DVD : Harun Farocki, des images qui pensent

Christophe Kantcheff  • 23 juin 2011 abonné·es

Se tenant en marge de la production commerciale, Harun Farocki,
qui est de nationalité allemande,
réfléchit avant tout sur la nature des images, ayant réalisé plus de quatre-vingts films de genres différents (courts, longs, essais, fictions…), en même temps qu’il donne
des textes théoriques et produit,
depuis une vingtaine d’années,
des installations dans de nombreux lieux d’art contemporain.

Si Harun Farocki a bénéficié en 2009 d’une rétrospective de ses œuvres cinématographiques et audiovisuelles
à la galerie du Jeu de paume, à Paris,
son travail reste relativement confidentiel.
Le DVD que publient aujourd’hui les éditions Survivance est un bon moyen de le faire mieux connaître, d’autant qu’il contient deux films passionnants, réalisés à vingt ans d’intervalle, sur une même thématique : comment regarder des images de la Shoah ? Il s’agit d’Images du monde et inscription de la guerre (1988) et En sursis (2007).
Le premier revient sur les images aériennes d’Auschwitz prises en 1944. Fait marquant
et a priori scandaleux : ces images sont
le fait des Alliés, qui ont à l’époque négligé l’existence du camp parce qu’ils cherchaient à localiser tout autre chose : les grandes entreprises industrielles à proximité.
Ce n’est que beaucoup plus tard, à la fin
des années 1970, que des agents de la CIA
se sont de nouveau intéressés à ces photos, en quête, cette fois-ci, de clichés d’Auschwitz.
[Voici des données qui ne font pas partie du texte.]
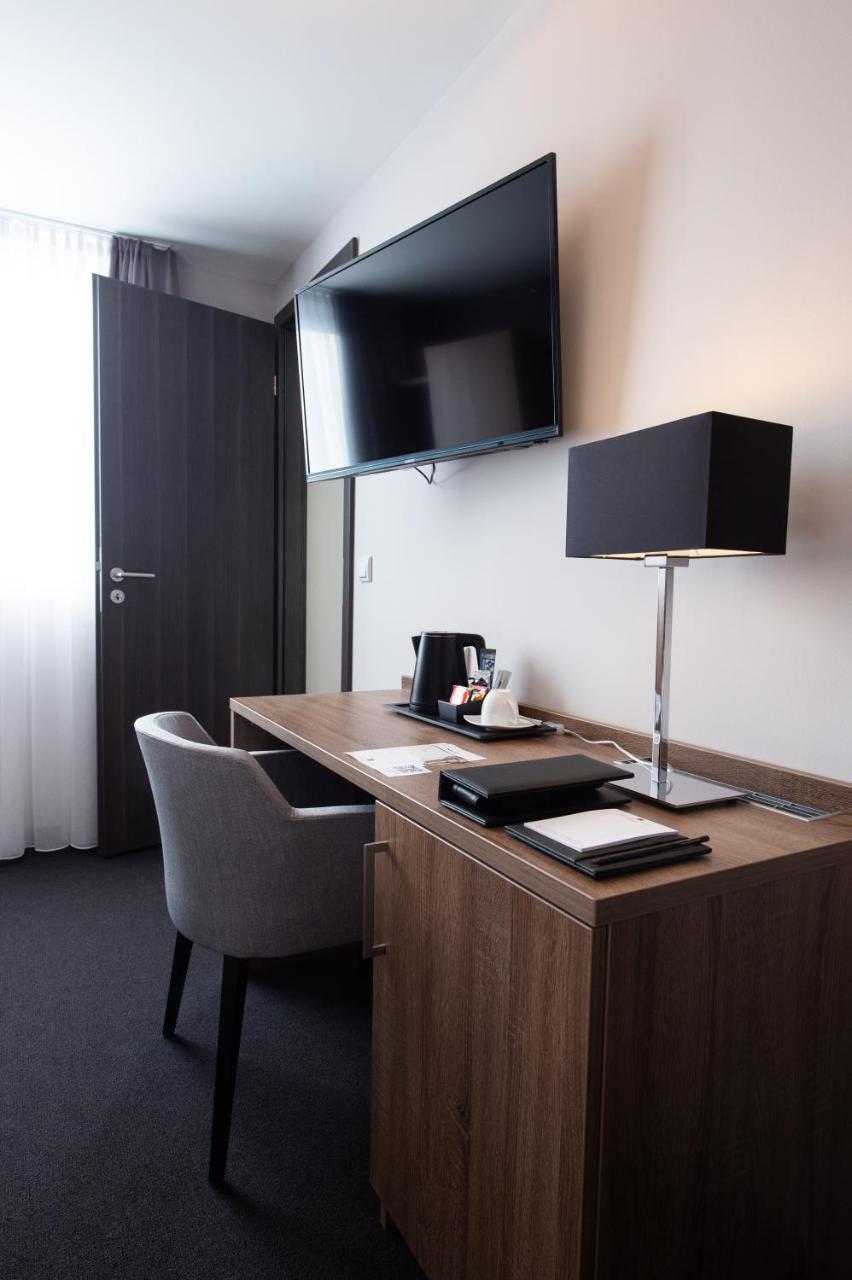 V Boutique Hotel Boeblingen Ngoại thất bức ảnh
Images du monde et inscription de la guerre s’interroge ainsi sur la question du point de vue – c’est lui qui détermine ce
que l’on voit effectivement ou pas. Harun Farocki met aussi au jour ce geste apparemment contradictoire qui consiste à prendre une photo, donc à sauver – et par là même archiver – et détruire, puisque ceux qui prenaient les images étaient aussi ceux qui bombardaient ou qui détruisaient les Juifs.
En sursis est composé à partir des rushes d’un film inachevé, tourné sur ordre,
en 1944, au camp hollandais de Westerbork, par le photographe Rudolf Breslauer,
lui-même détenu et juif. Ces rushes contiennent les seules images existantes qui montrent le départ, étrangement tranquille, d’un train de déportés vers les camps de l’Est. Là encore, Farocki interroge le point de vue. Est-ce celui du commanditaire nazi ? Celui des victimes ? Celui du photographe ? Le cinéaste met en exergue l’extrême ambiguïté de ces images, censées montrer l’utilité de ce camp de transit, alors qu’elles sont hantées par le sentiment de la mort prochaine.